Rating reports

Tree Aid
Input

CEO Miranda Spitteler previously worked for Practical Action (formerly ITDG), has over 16 years experience in the NGO sector, and draws on a grass-roots overseas development background. Her interest was sparked by field study experience on the contribution of woodland resources to the lives of Mozambican refugees in Zambia. Programme Support Director Tony Hill has 16 years experience in overseas development with DfiD and CARE, in Africa, Asia and the Caribbean. The Bristol-based charity has Trustees and advisors ranging from current and past senior foresters to development executives with broad African experience. It also has in-country advisors in West Africa. Tree Aid has close, supportive relationships with relevant departments of the country governments, and with multinational organisations operating in the field.

Key Financials

Year end 31 March (£000s) 2004 2005 2006 2007 2008 2009E
Income
Project restricted income 275 137 423 533 829 800
Unrestricted income 181 384 478 444 666 750
Investment income 2 1 3 8 16 20
Total income 457 522 904 984 1,511 1,570
Expenses
Project expenses 319 326 566 627 819 1,100
Costs of generating funds 81 136 162 163 198 185
Administration expenses 93 65 74 76 61 70
Total expenses 493 527 802 865 1,078 1,355
Balance of project restricted funds 33 15 46 153 396 500
Reserves
73 85 156 168 358 400
Number of employees (UK/Overseas)
8/7 10/8 12/8 12/9 13/12 13/12


Tree Aid has an office in Ouagadougou, Burkina Faso, with 13 staff, which coordinates the activities in the region. It manages programmes and communications, finance and fundraising. The West Africa Coordinator is Yacouba Ouedraogo who has over 14 years experience working in forestry and natural resource management with NGOs. From Ouagadougou, employees maintain regular contact with the local, national and international partners in the neighbouring countries in which Tree Aid works. To ensure sustainability, Tree Aid has a 15 year Community Forestry Livelihoods Programme to strengthen the ability of partners to support communities after Tree Aid’s funding has ended, by transferring technical, forestry and networking skills.

Key ratios
2004 2005 2006 2007 2008 2009E
Proportion of restricted income 60% 26% 47% 54% 55% 51%
Proportion of income used on projects 70% 62% 63% 64% 54% 70%
Programme ratio 65% 62% 71% 72% 76% 81%
Administration ratio 19% 12% 9% 9% 6% 5%
Fundraising efficiency 18p 26p 18p 17p 13p 12p
Reserve development -37% 16% 84% 8% 113% 12%
Development Ratings estimates

The rate of income growth rose sharply in 2008 due to institutional funds to support the VTE over several years. The charity has been able to control administration as well as see an improvement in fundraising efficiency which has combined to result in better overall efficiency. This is represented by the programme ratio of 76%. This is a welcome improvement over past weaker years.

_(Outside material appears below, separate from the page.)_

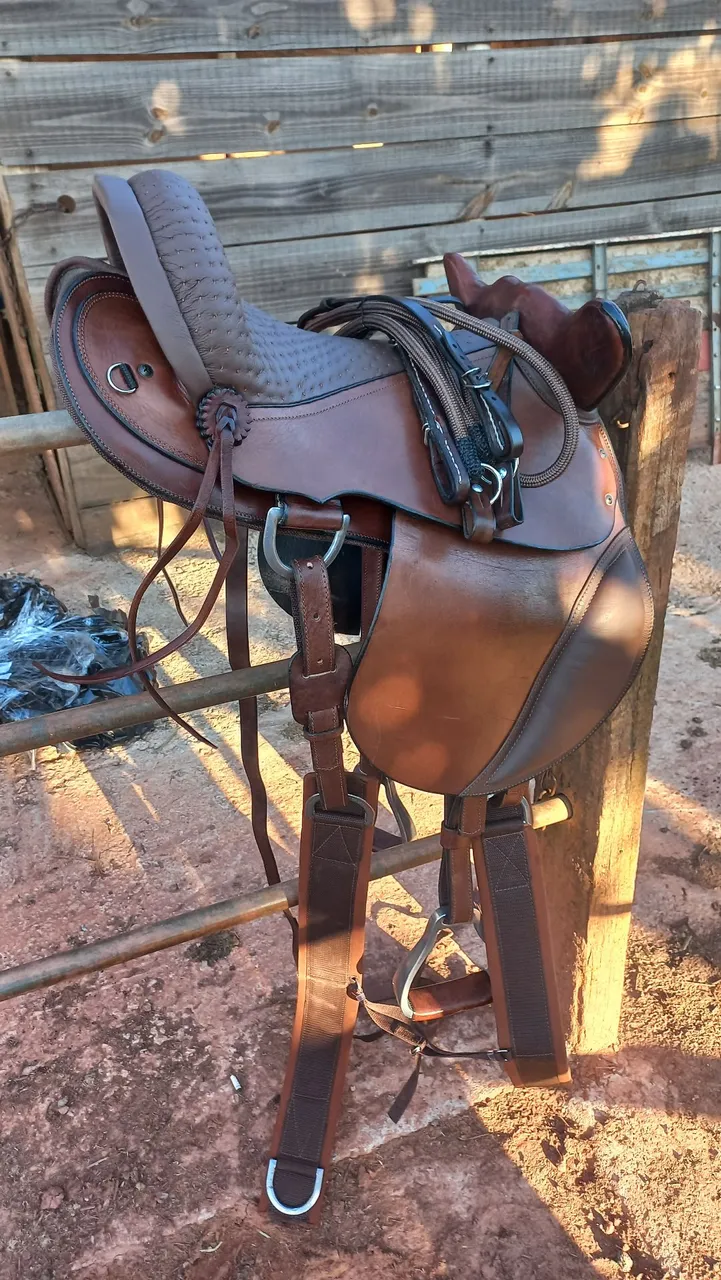Sela de Cavalo, Cabeça, Profissional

Sources of income in 2008 were split as follows: institutional funds 36%, charitable trusts 21%, individuals 24%, community groups 4%, corporate giving 5%, and other 10%.

The expenses split in 2008 was: Mali 51%, Burkina Faso 31%, Ghana 17%, and Ethiopia 1%. Grants to Ethiopia have been falling over recent years as concentration is kept on the West African countries.

The charity’s fundraising efficiency is still above best practice partly due to the high level of support from individual and community group donors. Recent fundraising investment has fed through to slightly improved ratios. At the same time, however, Tree Aid does not have a very high national profile, and efforts are planned in this area and on relations with trusts.